TASK GOAL: All lines in the records below from the line with "Cotação do leite" through the line with "Вычислите объем спинномозговой жидкости. Цереброспинальная" are to be given again exactly, both ends included; the pictures are to be left out.

RECORDED INFORMATION:
BEGIN
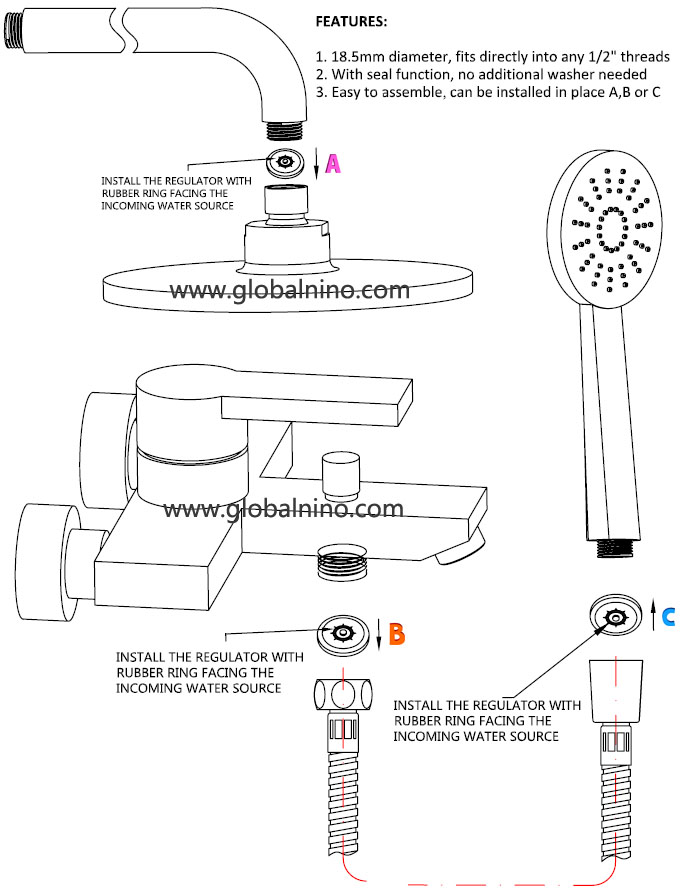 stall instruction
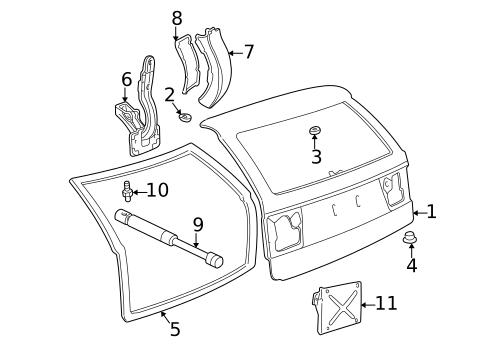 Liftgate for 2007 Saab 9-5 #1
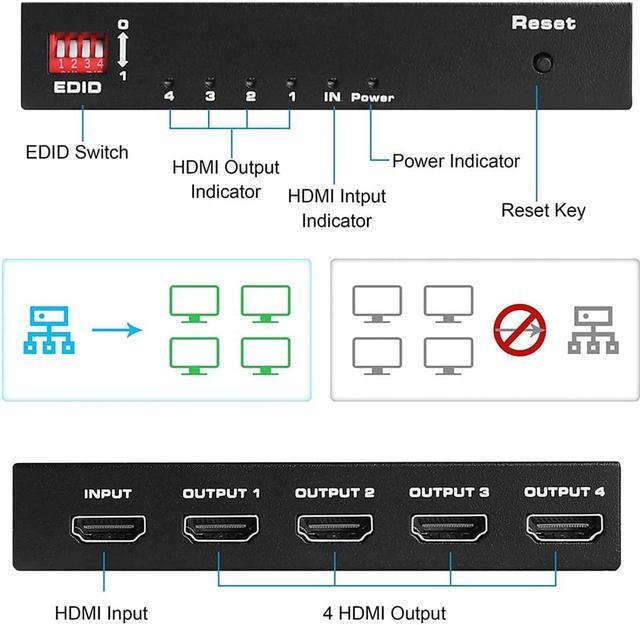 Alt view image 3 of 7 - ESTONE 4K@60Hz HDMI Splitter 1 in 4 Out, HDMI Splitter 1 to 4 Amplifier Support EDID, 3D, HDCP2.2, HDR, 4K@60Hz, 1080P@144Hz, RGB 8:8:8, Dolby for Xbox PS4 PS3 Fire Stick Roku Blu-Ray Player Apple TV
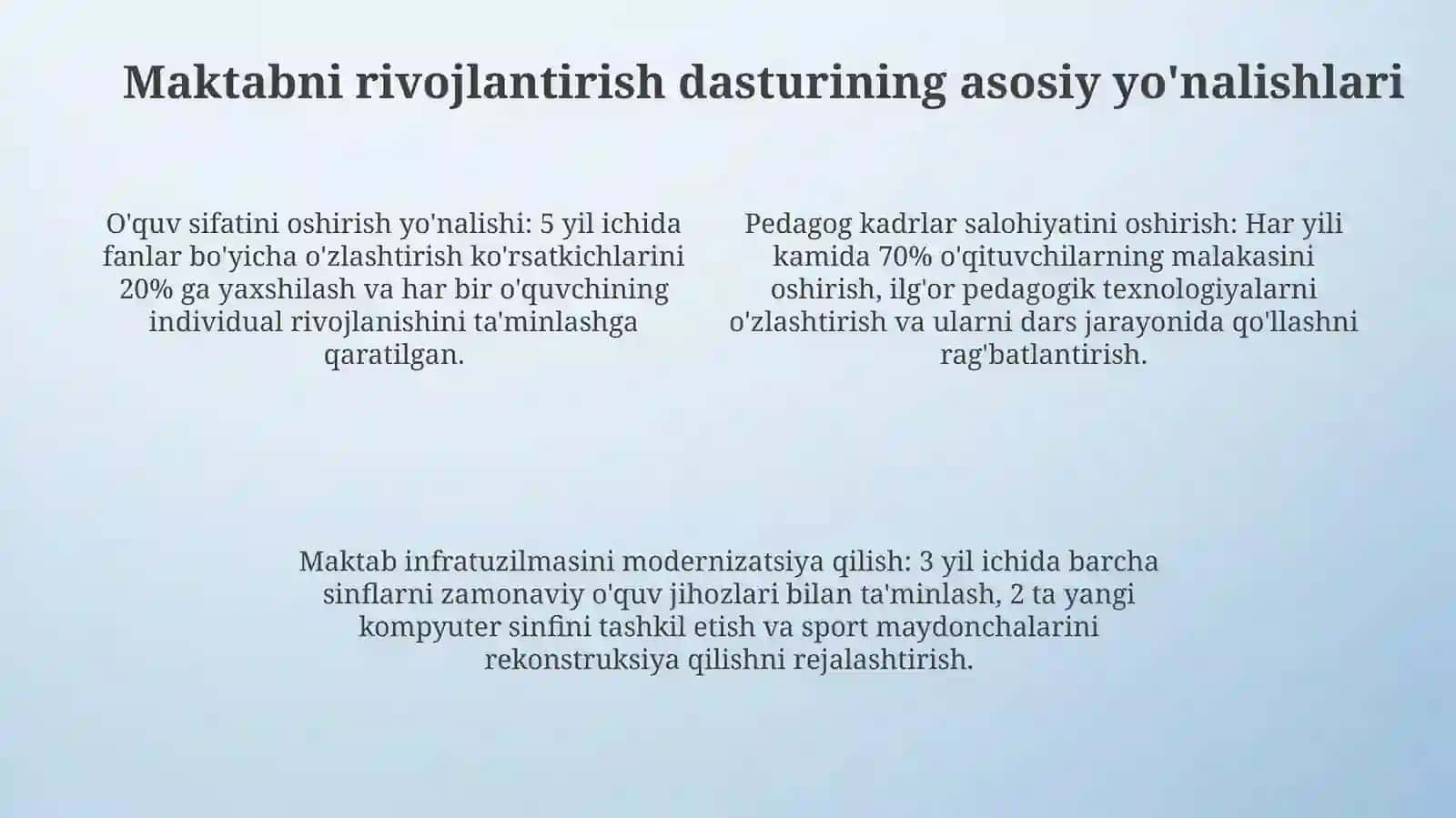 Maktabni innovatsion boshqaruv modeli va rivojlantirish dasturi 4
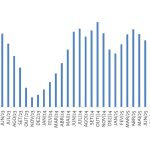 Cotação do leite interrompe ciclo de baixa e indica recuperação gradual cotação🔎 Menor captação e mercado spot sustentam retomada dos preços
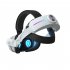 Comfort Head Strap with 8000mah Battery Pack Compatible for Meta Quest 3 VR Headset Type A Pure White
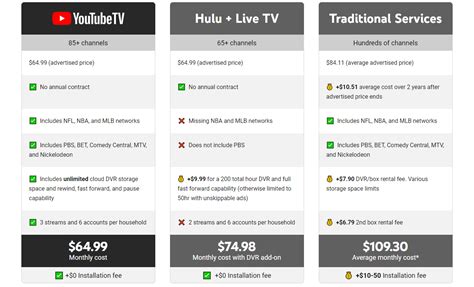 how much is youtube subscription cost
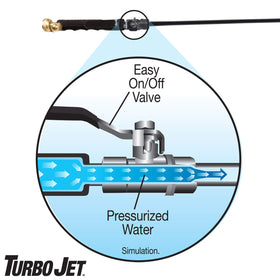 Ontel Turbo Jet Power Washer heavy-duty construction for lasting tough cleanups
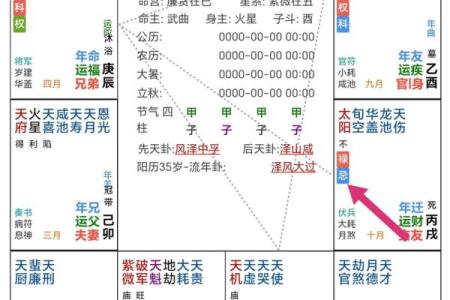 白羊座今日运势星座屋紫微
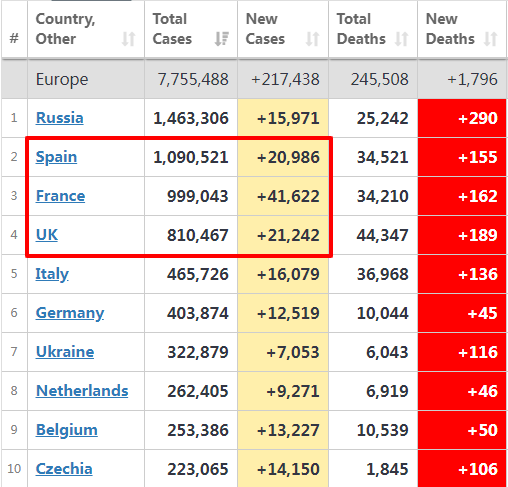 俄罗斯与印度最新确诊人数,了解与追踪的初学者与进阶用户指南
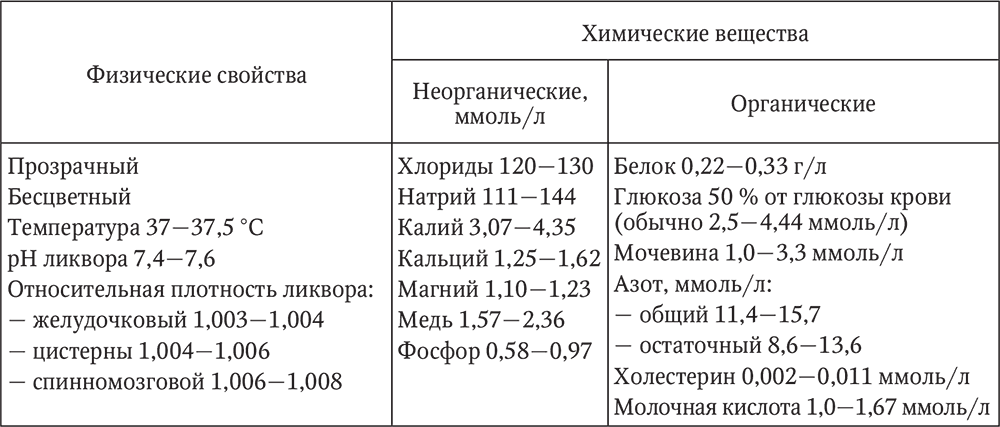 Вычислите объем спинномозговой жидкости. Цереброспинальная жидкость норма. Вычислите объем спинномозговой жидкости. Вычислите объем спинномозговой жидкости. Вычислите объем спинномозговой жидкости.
END
BEGIN
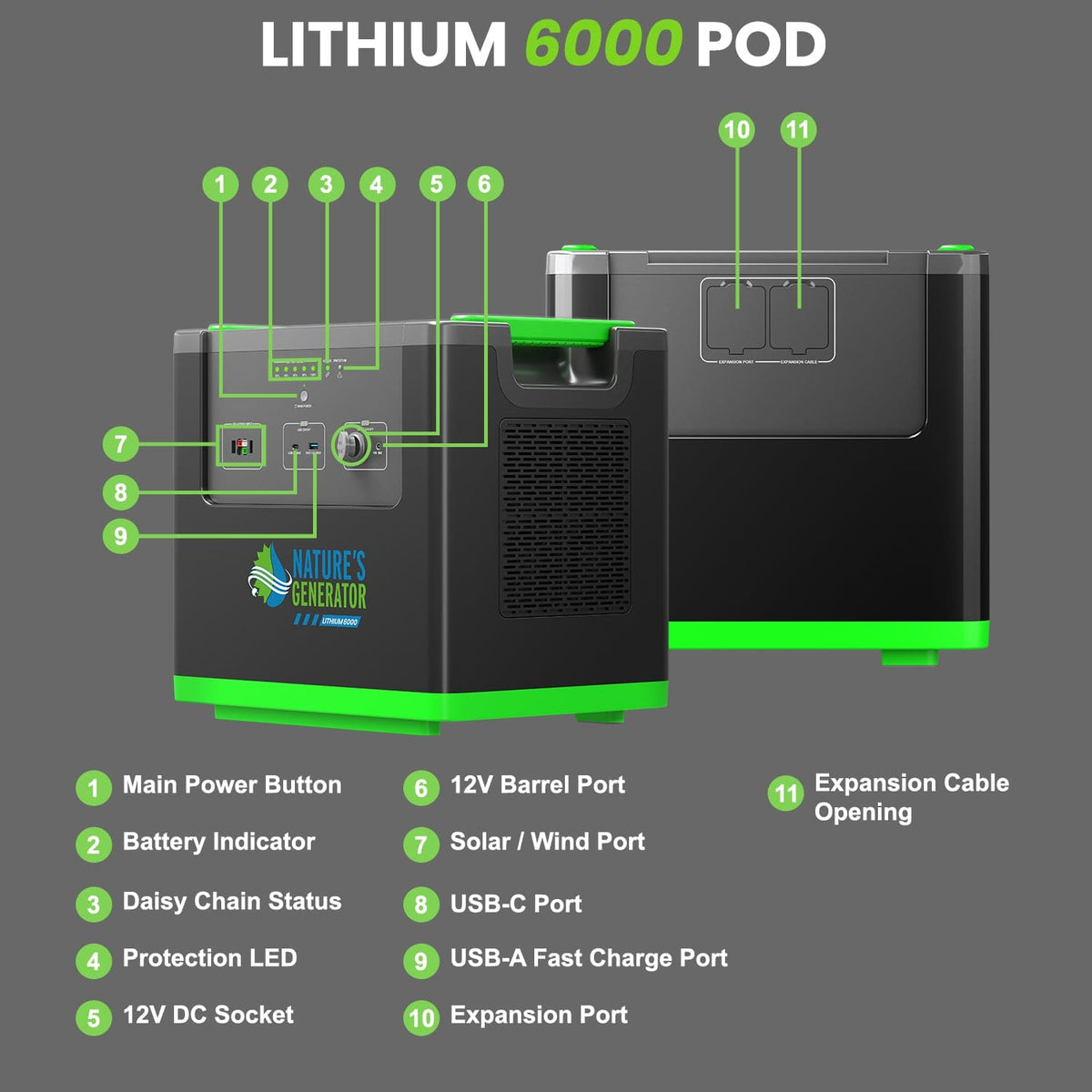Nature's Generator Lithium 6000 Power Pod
END
BEGIN
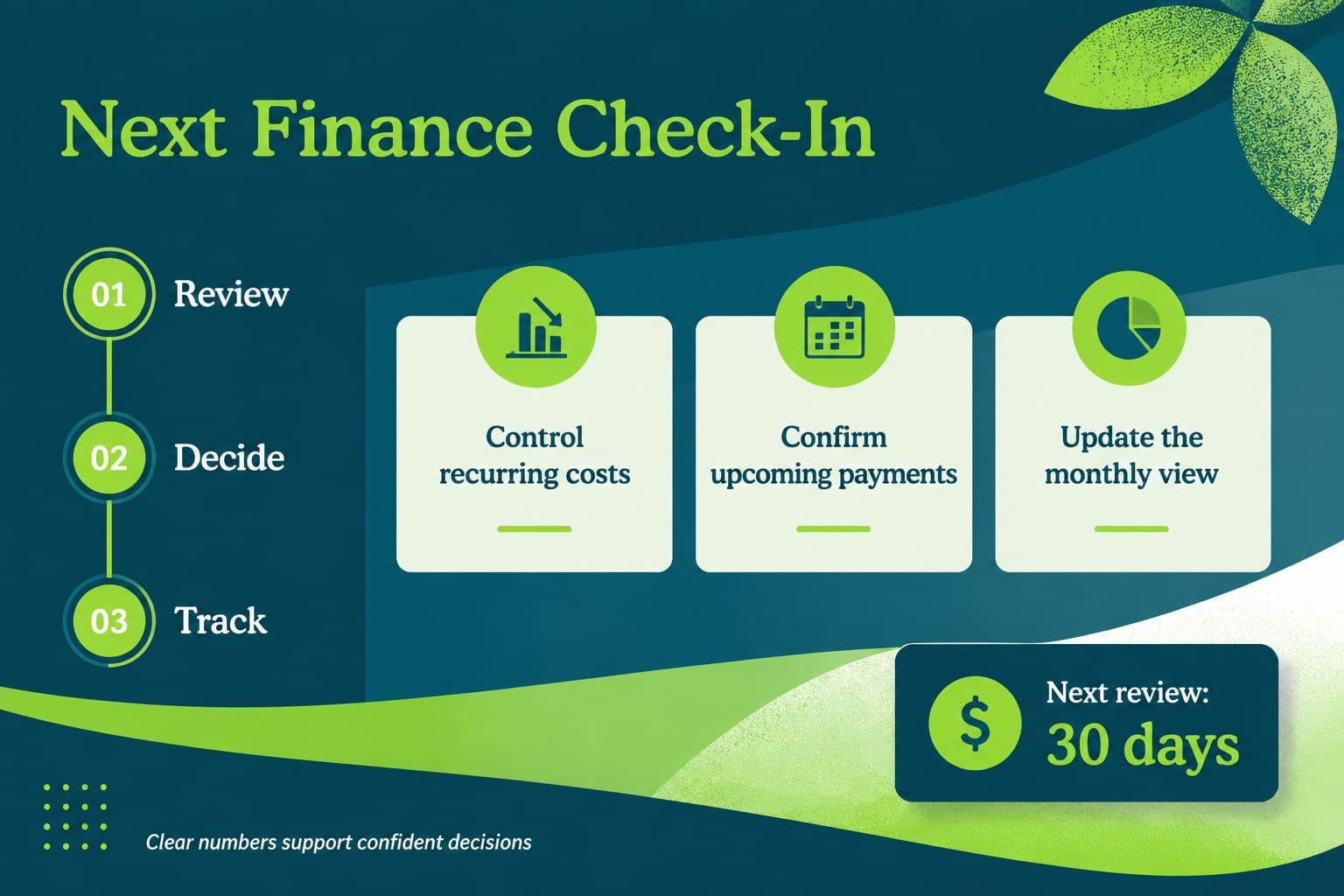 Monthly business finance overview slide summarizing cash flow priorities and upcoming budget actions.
END
TASK RESULT:
 Cotação do leite interrompe ciclo de baixa e indica recuperação gradual cotação🔎 Menor captação e mercado spot sustentam retomada dos preços
 Comfort Head Strap with 8000mah Battery Pack Compatible for Meta Quest 3 VR Headset Type A Pure White
 how much is youtube subscription cost
 Ontel Turbo Jet Power Washer heavy-duty construction for lasting tough cleanups
 白羊座今日运势星座屋紫微
 俄罗斯与印度最新确诊人数,了解与追踪的初学者与进阶用户指南
 Вычислите объем спинномозговой жидкости. Цереброспинальная жидкость норма. Вычислите объем спинномозговой жидкости. Вычислите объем спинномозговой жидкости. Вычислите объем спинномозговой жидкости.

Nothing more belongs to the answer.